The State Board of Education voted to adopt Department of Education rules implementing Senate File 175, clarifying that human growth and development content will be required in both fifth and sixth grades and both seventh and eighth grades; the change follows public comment and technical edits to align the rule text with statute.

The Iowa State Board of Education on Jan. 14 approved adopted-and-filed amendments to Chapter 12 that implement last year’s Senate File 175 changes to human growth and development instruction.

Department rules coordinator Thomas Mayes told the board that public comment prompted the department to read the statute’s grade bands as inclusive — ‘‘fifth and sixth’’ and ‘‘seventh and eighth’’ — rather than the alternative reading that would have used ‘‘or.’’ Mayes said the department received 47 written comments and five speakers at the Dec. 30 hearing and made technical edits (for example, changing a reference from specific ‘‘video’’ materials to broader ‘‘content’’) while preserving the statute’s requirements.

The department also explained why the rule language is silent about grades 9–12: statutory references for that high‑school band already operate by reference in the existing chapter, so changes to the statute for 9–12 automatically populate into the rules. Mayes said families retain an opt‑out under current law for human growth and development instruction.

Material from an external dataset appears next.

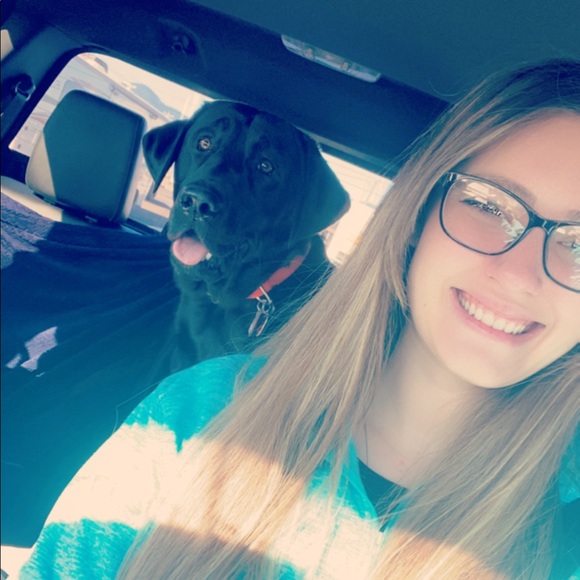 Profile Picture of Sarah Messman (@sperkins0628) on Poshmark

Board members moved to adopt the rule as presented; the motion was seconded and approved by voice vote. The board record shows the motion carried with members voting in the affirmative.

The adopted rule implements the statutory framework of SF 175 and reflects changes the department said were responsive to substantive public comments. The department indicated staff will present a short preview of planned technical corrections to early‑access rules at the next meeting.

The formal adoption completes the department’s rulemaking step for Chapter 12; school districts will be expected to align local instruction to the amended rule language and to existing statutory opt‑out processes.